---- Data provided

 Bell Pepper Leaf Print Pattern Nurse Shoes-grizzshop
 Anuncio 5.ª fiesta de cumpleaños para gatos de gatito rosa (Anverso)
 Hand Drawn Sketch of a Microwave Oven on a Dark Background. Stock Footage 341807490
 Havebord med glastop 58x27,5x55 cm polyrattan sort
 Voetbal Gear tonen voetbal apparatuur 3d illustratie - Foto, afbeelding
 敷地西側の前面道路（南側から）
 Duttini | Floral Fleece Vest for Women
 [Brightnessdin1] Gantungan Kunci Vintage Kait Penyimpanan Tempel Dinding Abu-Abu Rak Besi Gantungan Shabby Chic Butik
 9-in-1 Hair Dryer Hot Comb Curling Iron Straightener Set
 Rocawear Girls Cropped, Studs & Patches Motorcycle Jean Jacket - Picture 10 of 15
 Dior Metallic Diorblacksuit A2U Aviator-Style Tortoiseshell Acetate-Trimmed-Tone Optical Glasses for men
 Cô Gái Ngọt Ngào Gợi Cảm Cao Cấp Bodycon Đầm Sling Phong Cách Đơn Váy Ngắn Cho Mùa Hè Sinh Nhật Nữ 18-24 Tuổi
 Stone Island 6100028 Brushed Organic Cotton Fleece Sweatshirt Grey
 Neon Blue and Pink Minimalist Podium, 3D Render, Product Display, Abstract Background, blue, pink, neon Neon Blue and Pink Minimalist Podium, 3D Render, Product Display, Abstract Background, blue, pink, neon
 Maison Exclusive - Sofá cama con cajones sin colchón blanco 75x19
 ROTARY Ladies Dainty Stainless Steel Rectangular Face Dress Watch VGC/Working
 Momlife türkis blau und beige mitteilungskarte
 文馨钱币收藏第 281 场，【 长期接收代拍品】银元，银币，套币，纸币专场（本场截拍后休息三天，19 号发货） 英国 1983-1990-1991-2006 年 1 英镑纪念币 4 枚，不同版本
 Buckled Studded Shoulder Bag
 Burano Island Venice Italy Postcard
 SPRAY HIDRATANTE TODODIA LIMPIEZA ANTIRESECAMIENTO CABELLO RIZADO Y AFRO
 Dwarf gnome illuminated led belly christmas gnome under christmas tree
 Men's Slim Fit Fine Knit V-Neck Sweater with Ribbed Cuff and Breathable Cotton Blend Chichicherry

--------

Read the entries and select each line where the word "Island" is found.

#### Task result:
 Stone Island 6100028 Brushed Organic Cotton Fleece Sweatshirt Grey
 Burano Island Venice Italy Postcard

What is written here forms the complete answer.